Ne demişti o?!Terbiyesizdi resmen.Hemen suyu kapattım.Perdenin kenarından kafamı uzatarak
_ Sen ne terbiyezsin be!Çık burdan çabuk yoksa seni gebertirim! Diye ona bağırdım.Ahh! Cidden süperdi.Şu anda onunla bir banyoda baş başaydım ve ben kabinde o dışındaydı.Gerçekten rezillikti.
_ Ya çıkmazsam? Diye sordu bana.Resmen eğleniyordu.
_ Bana bak sen kendi-
Birden ben ne olduğunu anlayamadan perdeyi açtı ve içeri girdi.Hızla beni duvara yapıştırdı.Şu an çırılçıplaktım.Kızardım ateş bastı ve bayılabilirdim.Ama o kollarımı duvara yapıştırmış sadece gözlerimin içine bakıyordu.
_ Fazla güzel ve çekicisin. Dedi bana.Tam gözlerimin içine bakıyordu.Sanki yutacakmış gibi.
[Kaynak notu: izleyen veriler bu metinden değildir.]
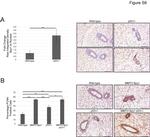 SPDYA Antibody in Immunohistochemistry (IHC)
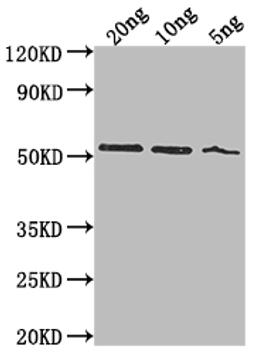 Western Blot. Positive WB detected in Recombinant protein. All lanes: lasB antibody at 1:2000. Secondary. Goat polyclonal to rabbit IgG at 1/50000 dilution. Predicted band size: 49.1 kDa. Observed band size: 52 kDa. 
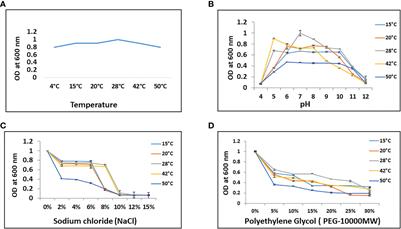 Temperature-induced modulation of stress-tolerant PGP genes bioprospected from Bacillus sp. IHBT-705 associated with saffron (Crocus sativus) rhizosphere: A natural -treasure trove of microbial biostimulants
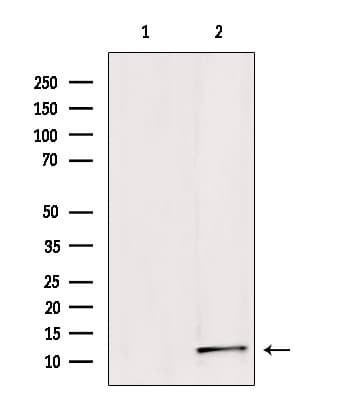 SUMO1 / SMT3 Antibody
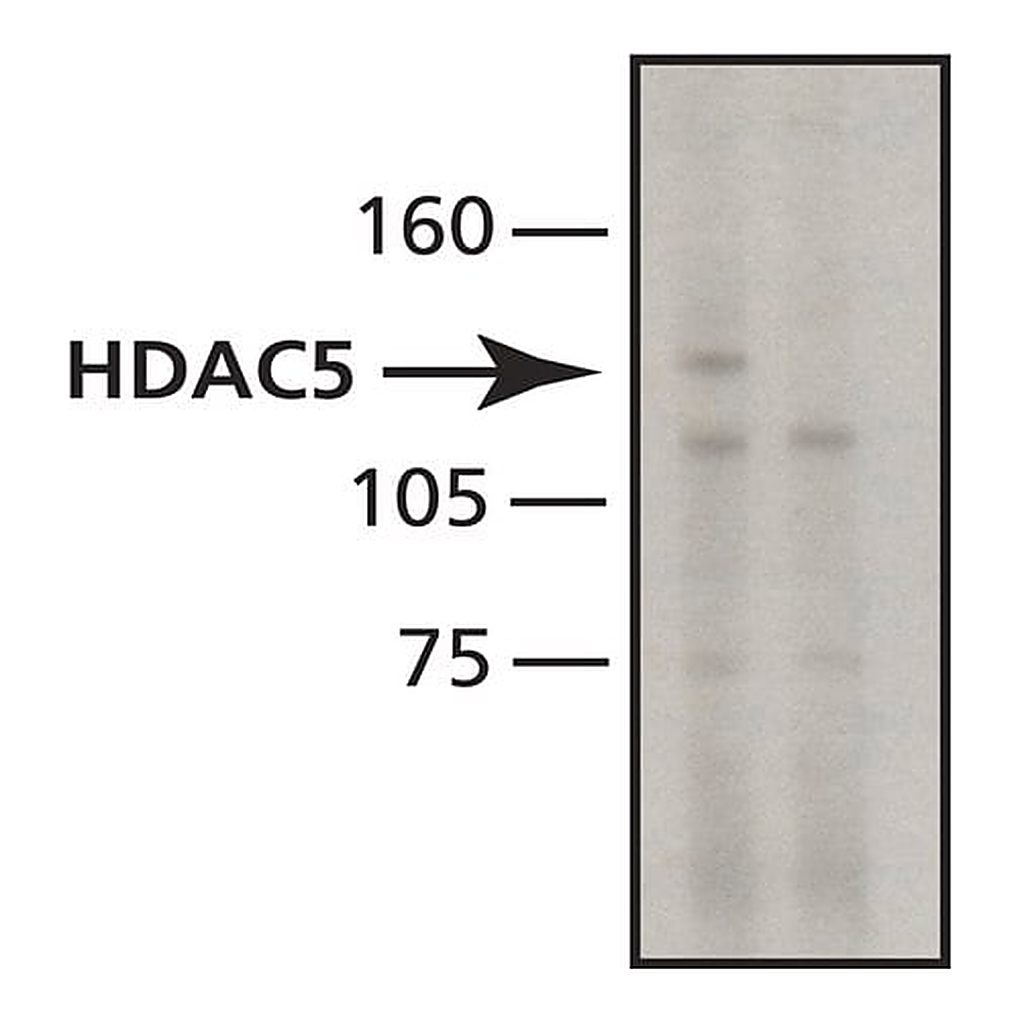 Merck Anti-Histone Deacetylase 5 (HDAC5) antibody, Mouse monoclonal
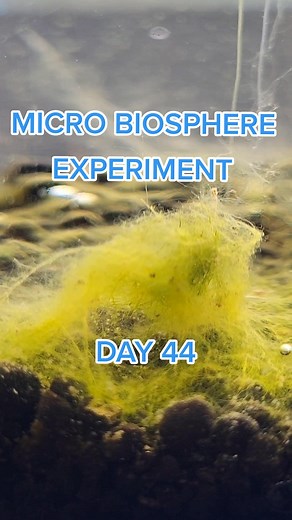 MICRO BIOSPHERE - DAY 44 #moss #mossball #java #worm #bugs #ecosystem #ecosphere #sealed #international #pond #fyp #foryou #foryoupage #daily #new #update #regularshow #follow #trend #wildlife #microscope #viral #trending #tiktok #daphnia #copepod #ostracod #tubifex #shrimp #snail #snails #terrarium #aquarium #jarrarium #love #explore #explorepage #egg #hatch #baby #sealeduniverse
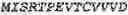 Fig. 04 - Heterodimeric proteins for modulating gamma delta T cells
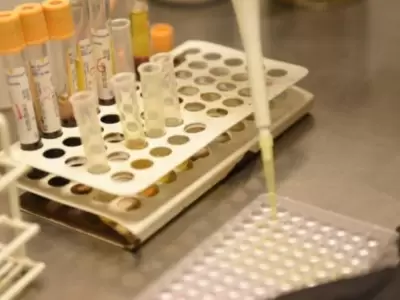 coronavirus-mendoza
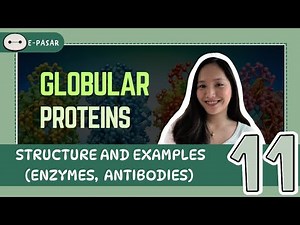 Globular Proteins: Structure and Examples (Enzymes,Antibodies) │ Topic 11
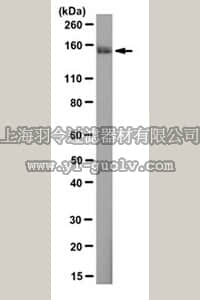 merck millipore,默克密理博,MABE191,Anti-WHSC1/NSD2 Antibody, clone 29D1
Sonra yüzünü yüzüme yaklaştırdı.Bu hareketiyle adeta donmuştum buz kesmiştim.Cevap vermek için ağzımı araladım ama kendini bana daha da bastırdı ve resmen nefes nefeseydik.
_ Uzak dur benden.Dokunma bana!
Diyebildim sadece duydu mu bilmiyordum ama kedi gibi miyavlamıştım resmen.Kollarımı bıraktı ama hala üzerimdeki ağırlığını çekmiyordu.
_ Ya şu an seni istiyorsam.
Diye sordu bana.Beni istemekmiş.Neyim ben ne zannediyordu.Fahişe felan mı!
_ Ve senin de bunu istediğini biliyorsam. Dedi hafif dudaklarını kıvırarak.Bu hareketi vücudumda bir yerlerin karıncalamasına sebep olmuştu.Şuan ki yakınlığımız çok fazlaydı.Ve bu fırsatı değerlendirip onu daha da yakından inceledim.Keskin bir çene,narin bir burun,delici siyah gözler ve o kıvrımlı ve dolgun dudaklar!Farklı bir yerde farklı zamanda bu insanla tanışmak da iyi olabilirdi belki.Ama şimdi asla!
Peki doğru mu söylemişti? Onu gerçekten istemiş miydim?Hayır tabiki de!E o zaman midemdeki sancının sebebi neydi?
Ben daha ne olduğunu anlayamadan vüdumdaki ağırlığını çekti ve hızla kabinden çıktı.
_ Çabuk giyin aşağıya gel. Dedi.Bir insan nasıl bu kadar değişken olabilirdi? Kalkmış bir de benimle emirli konuşuyordu.Hızla kabinden çıktım ve havluya sarıldım.Kapıyı kilitlediğime adım gibi emindim.Ama benim burada olduğumu bilerek girmişti içeri.Amacı neydi bunun?
Temiz çamaşırları elime alarak koşarak odama gittim ve arkamdan kapıyı sıkıca kapattım.Hayır aşağı inemezdim.Az önce yaşadıklarım bir ilkti.İlk defa bir erkekle bu kadar yakındım ve çıplaktım.En kötüsü de buydu.Daha onu tanımıyordum.O bir yabancıydı.Ona güvenemezdim."Aşağıya gel."demişti.Nasıl inecektim.Elim ayağım titremeye başladı.Bu utançla o surata bakamazdım ki!